- Leader: Vacant since the death of Sharif Ali bin al-Hussein in 2022
- Founded: 2003
- Headquarters: Baghdad
- Ideology: Monarchism Constitutional monarchy

Website
- www.iraqcmm.org

= Iraqi Constitutional Monarchy =

Monarchist political party in Iraq

1921–1959 (ratio: 1:2) Flag of the Kingdom of Iraq used by Iraqi monarchists

The Iraqi Constitutional Monarchy (ICM; الملكية الدستورية العراقية) is a monarchist political party in Iraq formerly led by the late Sharif Ali bin al-Hussein.

Al-Hussein was related to the Hashemites royal family which ruled Iraq until 1958. He had succeeded in establishing himself as a claimant in the international press and (in the politics of Iraq). Prince Sharif Ali bin al-Hussein was the only Iraqi royal campaigning in Iraq for the return of a monarchy based on a constitutional monarchy. Some critics asserted he was not even in line to the throne according to the constitution of the old Iraqi monarchy (The Iraqi Constitution as amended in November 1943). According to this constitution, the heir to the monarchy would be Prince Ra'ad (born 1936), Lord Chamberlain of Jordan, and the heir apparent Prince Zeid bin Ra'ad, a former Jordanian diplomat who was active within the United Nations.

==Goals of the Iraqi Constitutional Monarchy==

- First: To uphold the unity of the Iraqi nation and to maintain its sovereign independence.

- Second: To affirm the Islamic identity of Iraq while respecting all religions and beliefs and recognizing their inviolable rights.

- Third: To implement a free and direct national referendum to decide the nature of government and the Head of State.

- Fourth: To draft a permanent Constitution to be confirmed by the people of Iraq in a free public referendum.

- Fifth: That the nature of the Monarchy will be hereditary and constitutional emanating from the will of the people and that the Monarch would be the symbol of the unity of the people and the pride and honor of the nation.

- Sixth: The establishment of a pluralistic democratic state in which power is transferred via the ballot box and the establishment of healthy democratic institutions on the basis of the complete separation of power between the executive legislative and judicial branches.

- Seventh: The affirmation of the sanctity of the judiciary and its independence from any group or person in the state.

- Eighth: To completely uphold the principals of basic human rights as laid down by religion, the United Nations, and international institutions.

- Ninth: That the armed forces belong to the people and that their sacred mission is to protect the nation from external aggression and are prohibited from any political activity.

- Tenth: To institute a free economy and encourage and develop the industrial agricultural and commercial sectors while maintaining a balance between the rights of ownership and the free market and the rights of the people to social justice equal opportunity and basic amenities.

- Eleventh: To implement a comprehensive national reconciliation based on forgiveness and absolution far from a desire for vengeance and retribution with due consideration for the rule of law and justice.

- Twelfth: To amend the legacy left by the dark era on the basis of just laws with foremost consideration for ethnic and secular issues, the nationality law, voluntary and forced emigration and on the foundation of equal rights and responsibilities for all citizens as stated in the permanent constitution.

== Role and structure ==
The Iraqi Constitutional Monarchy Movement was a regional political initiative supported by the Jordanian royal family, several Gulf Arab states, and influential Iraqi exile communities.
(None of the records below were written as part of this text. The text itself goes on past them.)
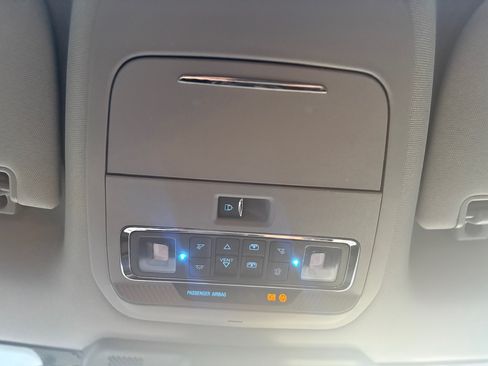 Used 2025 Ford F350 Lariat image 23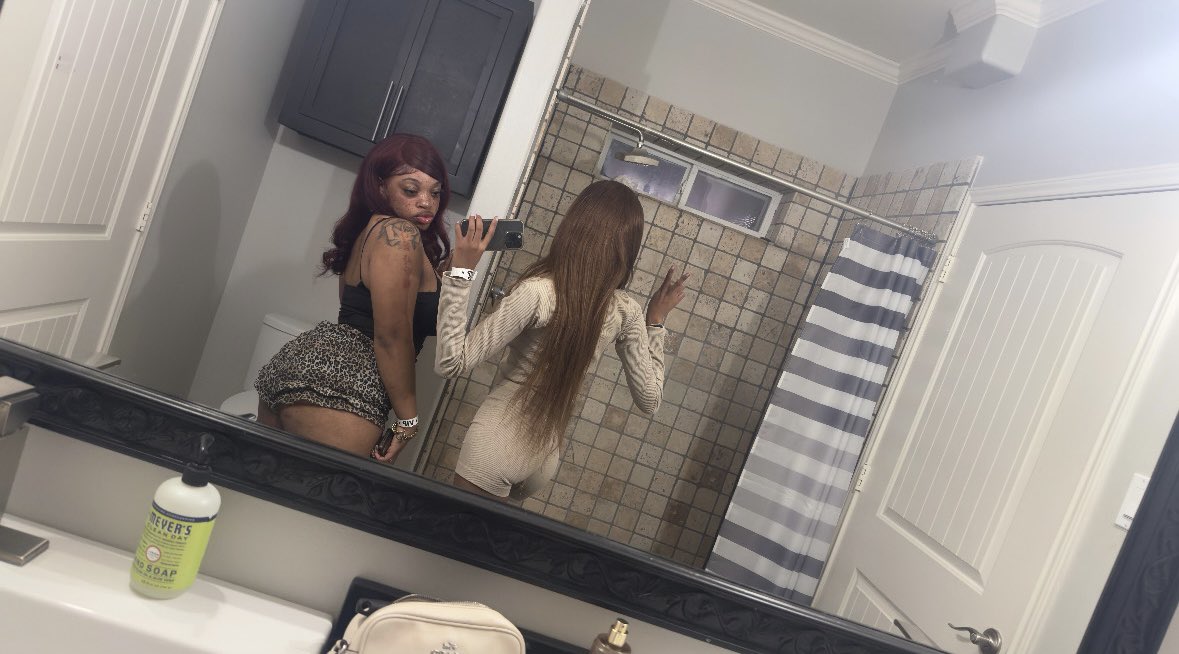 yourfriendslim's tweet photo. 😍😍😍 bad ass duo https://t.co/cG5KiWLwv6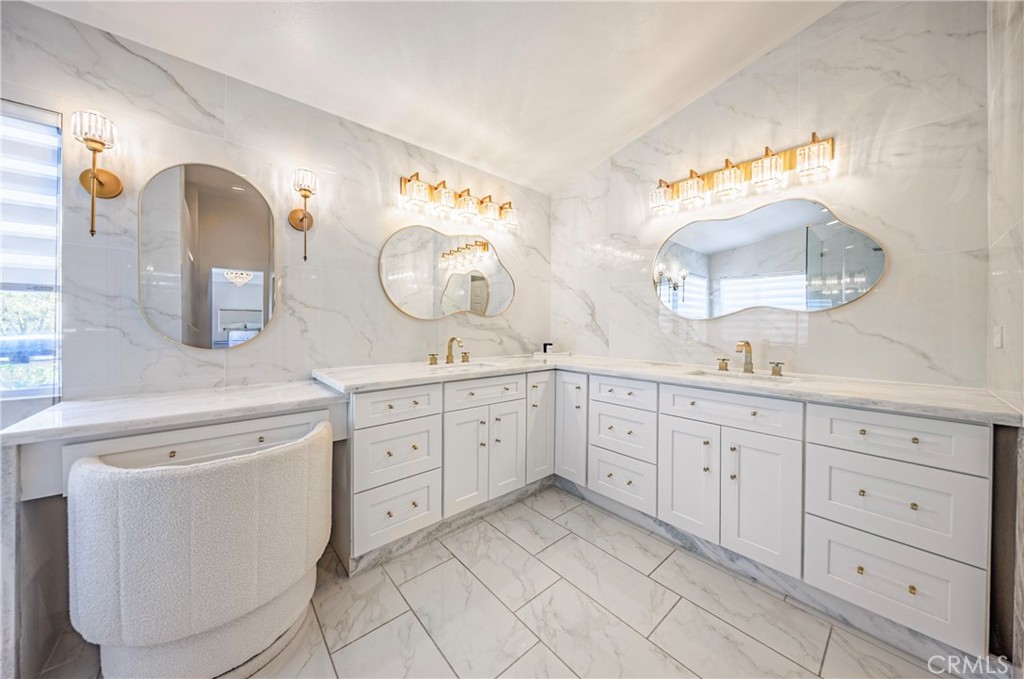 26518 Swan Lane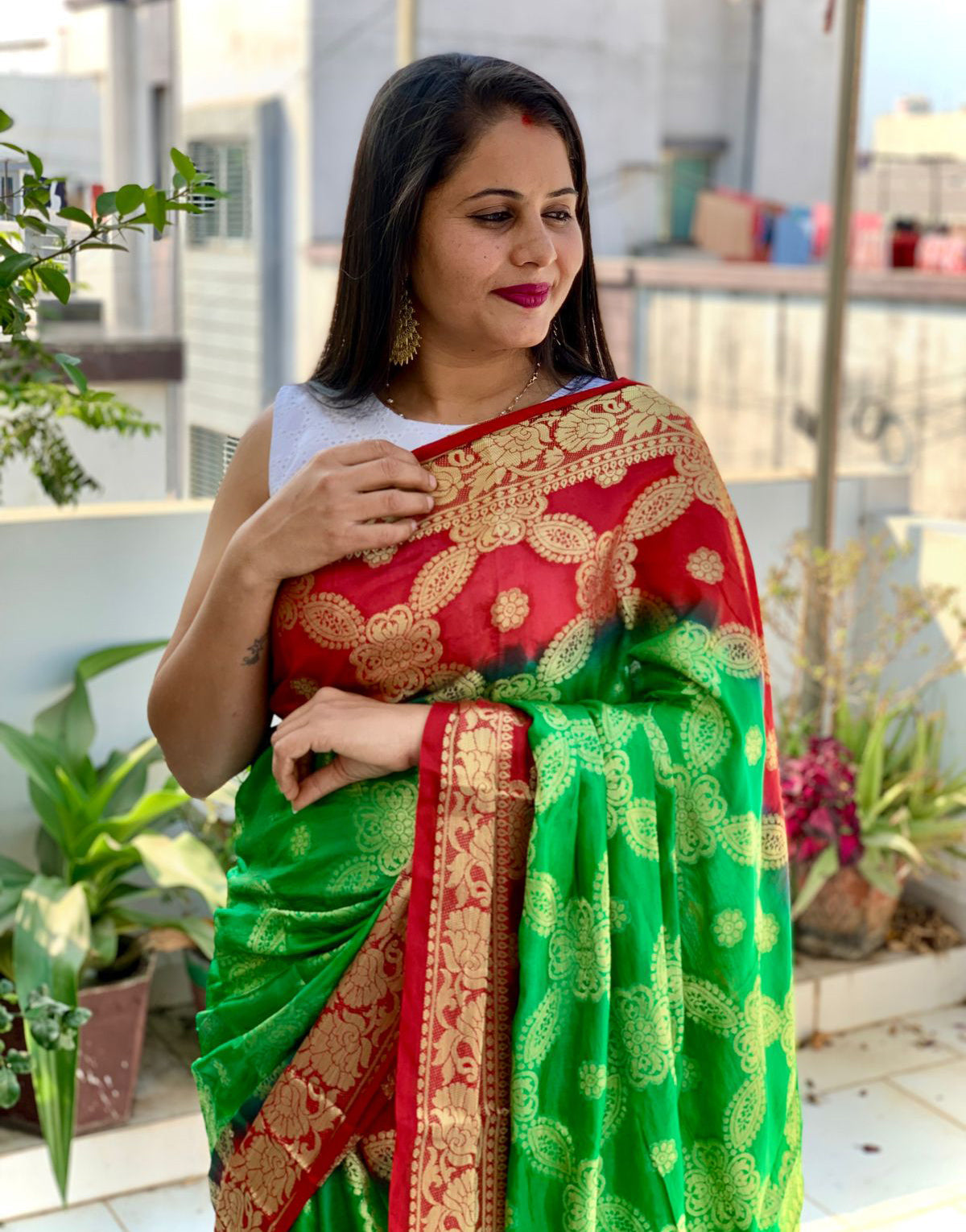 Kelly Green Hand Bandhej Bandhani Saree With Zari Weaving Work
Its aim was to restore Iraq’s Hashemite monarchy under a constitutional, secular, and pluralistic system, with the possibility of a political union with Jordan.
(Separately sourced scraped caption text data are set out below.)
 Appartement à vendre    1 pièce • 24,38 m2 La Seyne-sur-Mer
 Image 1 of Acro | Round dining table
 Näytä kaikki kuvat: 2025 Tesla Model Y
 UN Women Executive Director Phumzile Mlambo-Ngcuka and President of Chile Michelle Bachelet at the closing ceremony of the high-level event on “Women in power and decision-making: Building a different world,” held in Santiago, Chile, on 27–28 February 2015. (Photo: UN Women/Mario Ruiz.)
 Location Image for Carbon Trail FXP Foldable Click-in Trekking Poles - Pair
Backers included wealthy exiled Shia Feyli Kurd and Sunni Arab merchant families based in Amman, many of whom had longstanding ties to the Hashemites. Jordan coordinated and financed efforts to organize Feyli merchants into a lobby inside Iraq, because the Feyli establishment had very close ties to the clergy in Najaf. This group sought to persuade Shia political parties and senior clerics to support a national referendum on restoring the monarchy.
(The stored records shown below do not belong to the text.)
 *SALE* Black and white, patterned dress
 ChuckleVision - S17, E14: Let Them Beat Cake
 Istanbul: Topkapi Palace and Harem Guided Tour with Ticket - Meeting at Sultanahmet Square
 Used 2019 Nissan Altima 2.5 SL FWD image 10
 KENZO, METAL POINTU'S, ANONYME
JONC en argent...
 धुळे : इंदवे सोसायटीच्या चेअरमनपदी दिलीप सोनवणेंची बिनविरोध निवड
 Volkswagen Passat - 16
The plan ultimately failed due to resistance from Iraqi political factions, suspicion of foreign influence, and opposition from Islamist and nationalist movements. The main opponents of the Feylis were the Islamic Dawa Party, Patriotic Union of Kurdistan and the Islamic Supreme Council of Iraq. While short-lived, the effort reflected ongoing debates over Iraq’s political identity and its historical links to the Hashemite dynasty.